Boosting by Majority Algorithm:
We use EWA as the no-regret algorithm. (Note: EWA requires that \(\textbf{M} \in [0,1]^{n\times m}\) but here \(\textbf{M} \in \{-1,1\}^{n\times m}\). the professor promise it will work somehow. My thought is that let \(\textbf{M}' = \frac{\textbf{M}+\textbf{1}}{2}\), then \(\textbf{p} \cdot \textbf{M}' \textbf{q} = \textbf{p} \cdot \frac{\textbf{M}+\textbf{1}}{2} \textbf{q} = \frac{1}{2} \textbf{p} \cdot \textbf{Mq} + \underbrace{\textbf{p} \cdot \textbf{1q}}_{=1!}\), so optimal \(\textbf{q}\) for \(\textbf{M}'\) is also optimal for \(\textbf{M}\) )
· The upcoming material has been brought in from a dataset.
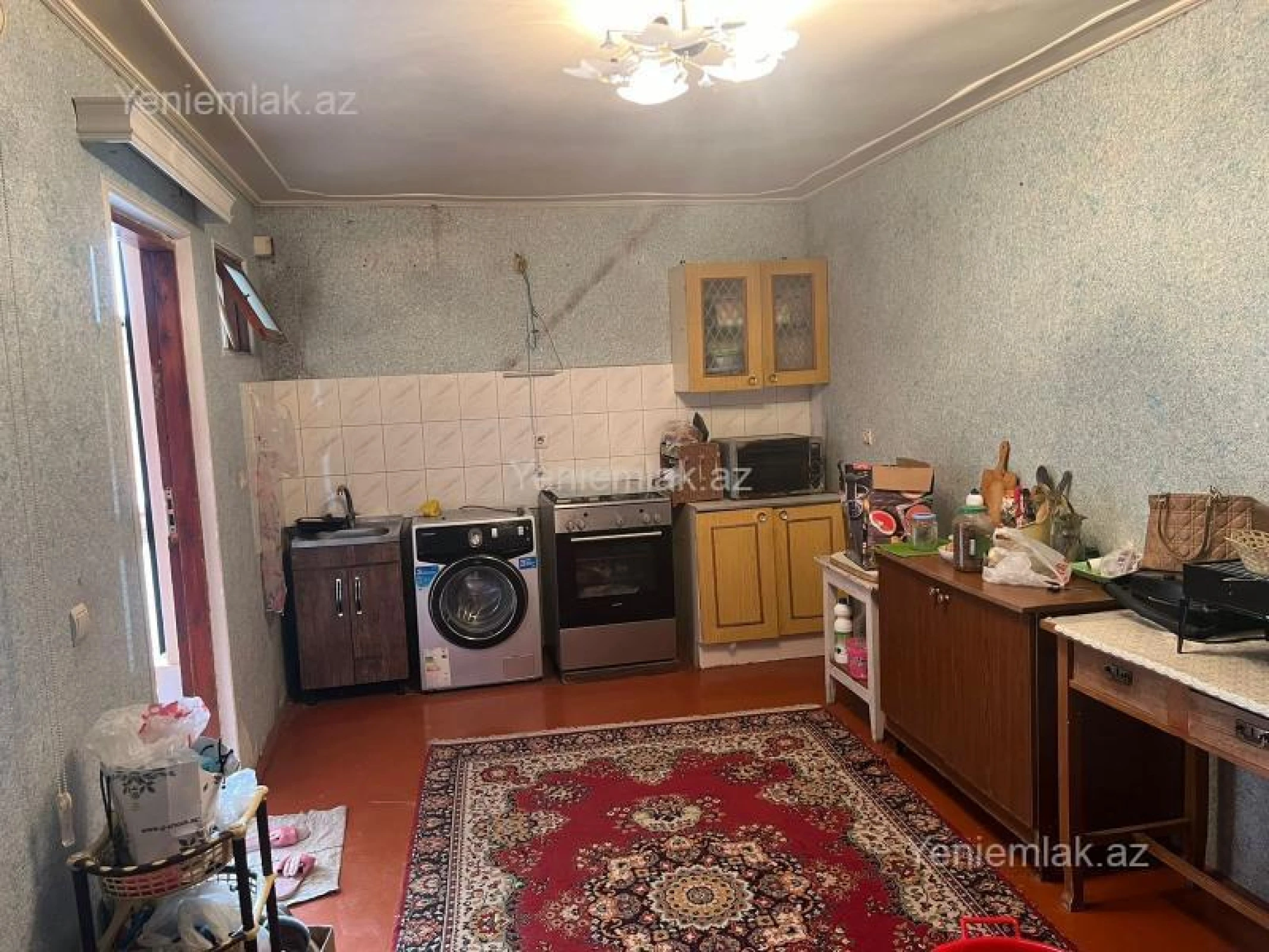 Satılır 5 otaqlı həyət evi 230 m²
Let \(T > \frac{2\log N}{\gamma^2}\) (which somehow \(\epsilon_T < \gamma\) at this point), \(\textbf{w}^1 = 1\), For \(t = 1 \ldots T\), Let
\[\begin{aligned} \textbf{p}^t &= \frac{\textbf{w}^t}{\| \textbf{w}^t \|_1} & \\ h_t &= \operatorname*{argmax}_{h\in \mathcal{H}}{\sum_{i=1}^{N}{\textbf{p}^t_ih(\textbf{x}_i)y_i}} & \text{ we should choose q to maximize } \textbf{p}\cdot \textbf{Mq} \\ & &\text { but optimal value always happen at corner } \\ & &\text { which is equivalent to choose best } h_t \\ \textbf{w}^{t+1}_i &= \textbf{w}^t_i \exp{ \left( -\eta h_t(\textbf{x}_i)y_i \right) } & \end{aligned}\]Output \(\overline{h_T} = \frac{1}{T}\sum_{t=1}^{T}{h_t}\)
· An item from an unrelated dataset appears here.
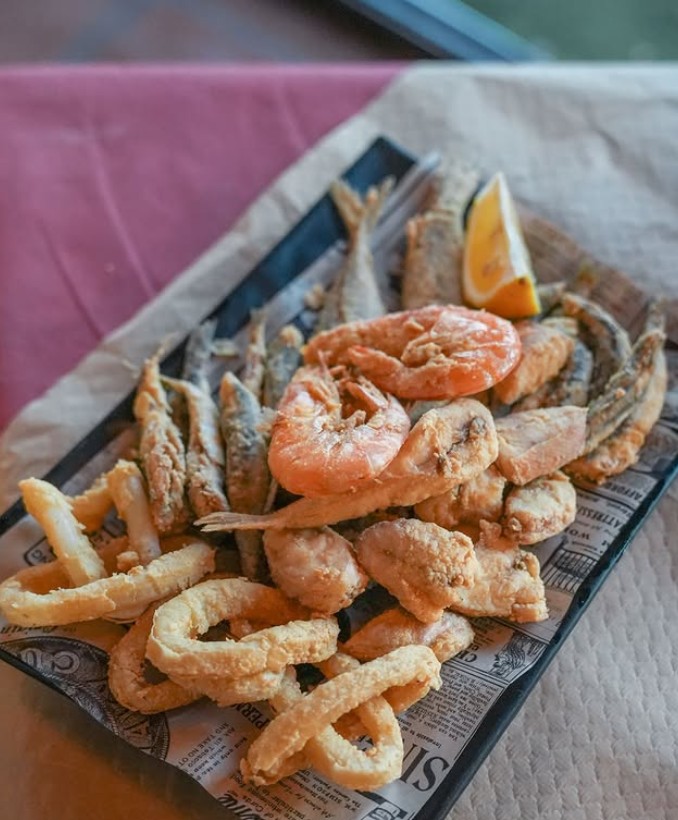 comer pescado frito en granada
Online Convex Optimization
Let a set \(\mathcal{K} \subset \mathbb{R}^d\) be convex and compact.
For \(t = 1\ldots T\),
- Algorithm select \(\textbf{x}_t \in \mathcal{K}\)
- Nature select convex function \(f_t : \mathcal{K} \mapsto \mathbb{R}\)
Let Regret be \(\left(\sum_{1}^{T}{f_t(\textbf{x}_t)} \right) - \min_{\textbf{x}\in \mathcal{K}}{\sum_{t=1}^{T}{f_t(\textbf{x})}}\)
- This is more general than experts setting (hedge setting)
- e.g.: set \(\mathcal{K} = \Delta_n,\, f_t(\textbf{x}) = \ell_t \cdot \textbf{x}\)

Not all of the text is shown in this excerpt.